The impression that the question of intention stood on the words of the will, seems to have led also to the exclusion of evidence which, we think, ought to have been received. To remove a latent ambiguity, circumstances indicative of the state of the testator’s affections towards the object of his bounty, or the relative circumstance of his connexions, or his acts and declarations in respect to the thing given, or the person of the donee, are constantly admitted. The competency of such matters was considered in Yernor v. Henry, already quoted; but it is unnecessary to recur to authority for the principle. In applying it to the evidence, in this case, it is difficult to say whether the testimony of the scrivener, that the testator intended the line to be run to the post corner at F, was proper or not. If it was' offered as proof that the testator had said so, it ought to have been admitted; but if it was offered as ‘ the opinion of the witness, it was not admissible, though the facts on which it was formed might be so. Clearly, however, the deposition of Anne Brownfield was competent.

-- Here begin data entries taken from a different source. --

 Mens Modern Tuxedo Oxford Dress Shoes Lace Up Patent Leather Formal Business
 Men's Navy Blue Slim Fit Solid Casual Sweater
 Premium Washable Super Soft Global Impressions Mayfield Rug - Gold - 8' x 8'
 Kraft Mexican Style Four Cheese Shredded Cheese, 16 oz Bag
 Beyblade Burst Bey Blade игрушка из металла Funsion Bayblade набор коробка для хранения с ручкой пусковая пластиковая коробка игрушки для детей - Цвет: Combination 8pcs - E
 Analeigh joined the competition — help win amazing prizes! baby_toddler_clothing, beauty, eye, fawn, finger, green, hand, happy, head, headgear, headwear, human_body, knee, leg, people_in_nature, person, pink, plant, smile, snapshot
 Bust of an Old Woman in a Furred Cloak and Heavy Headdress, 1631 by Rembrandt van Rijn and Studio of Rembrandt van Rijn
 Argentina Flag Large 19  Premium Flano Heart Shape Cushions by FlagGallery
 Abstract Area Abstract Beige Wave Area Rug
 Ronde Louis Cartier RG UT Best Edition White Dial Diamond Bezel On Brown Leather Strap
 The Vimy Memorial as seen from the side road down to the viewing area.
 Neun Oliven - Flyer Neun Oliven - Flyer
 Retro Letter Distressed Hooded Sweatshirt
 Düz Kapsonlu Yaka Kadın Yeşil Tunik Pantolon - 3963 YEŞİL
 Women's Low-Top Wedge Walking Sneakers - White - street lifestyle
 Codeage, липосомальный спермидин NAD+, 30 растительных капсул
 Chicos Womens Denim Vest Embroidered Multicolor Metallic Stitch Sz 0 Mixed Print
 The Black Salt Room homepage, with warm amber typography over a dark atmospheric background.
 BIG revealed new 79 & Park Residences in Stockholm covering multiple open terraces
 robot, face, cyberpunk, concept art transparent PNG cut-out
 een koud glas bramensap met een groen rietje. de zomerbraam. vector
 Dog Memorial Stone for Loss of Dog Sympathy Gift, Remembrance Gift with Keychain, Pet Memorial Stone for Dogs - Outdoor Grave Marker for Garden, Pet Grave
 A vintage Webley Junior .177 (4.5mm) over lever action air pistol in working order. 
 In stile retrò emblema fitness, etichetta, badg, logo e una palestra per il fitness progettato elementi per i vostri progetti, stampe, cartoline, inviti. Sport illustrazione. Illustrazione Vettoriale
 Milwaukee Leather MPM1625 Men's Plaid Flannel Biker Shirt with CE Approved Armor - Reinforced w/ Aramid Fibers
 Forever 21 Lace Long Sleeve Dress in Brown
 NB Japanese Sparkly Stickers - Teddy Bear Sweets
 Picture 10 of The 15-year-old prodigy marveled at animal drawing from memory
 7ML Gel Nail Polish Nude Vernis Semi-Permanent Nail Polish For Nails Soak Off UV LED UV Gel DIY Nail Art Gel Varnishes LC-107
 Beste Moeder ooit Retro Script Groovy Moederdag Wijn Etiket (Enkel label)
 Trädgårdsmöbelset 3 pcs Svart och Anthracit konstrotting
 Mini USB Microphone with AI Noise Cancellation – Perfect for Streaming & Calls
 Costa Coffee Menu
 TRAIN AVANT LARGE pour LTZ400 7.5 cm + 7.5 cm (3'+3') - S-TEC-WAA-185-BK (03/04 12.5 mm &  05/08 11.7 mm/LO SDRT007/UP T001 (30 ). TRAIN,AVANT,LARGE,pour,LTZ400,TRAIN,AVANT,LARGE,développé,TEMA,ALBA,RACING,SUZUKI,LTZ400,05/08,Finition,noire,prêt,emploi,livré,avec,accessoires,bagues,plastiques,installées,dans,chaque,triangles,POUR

If the testator told her he meant to direct by his will that the line of division should be run to the particular corner; that she saw him begin to stake it off in that direction; that he afterwards told her he had staked it to that corner; and that she subsequently saw the stakes leading to it; these facts would be not only competent but powerful evidence that the particular corner was the one called for in the will. As the presumption is, in the first instance, that a testator aims at equality, the relative amount of the advancements and the differences in value of the portions of the land would be proper for consideration.

The questions of evidence, having been ruled for the defendant in error, are considered on this writ of error by consent of the parties.

Judgment reversed, and venire de novo awarded.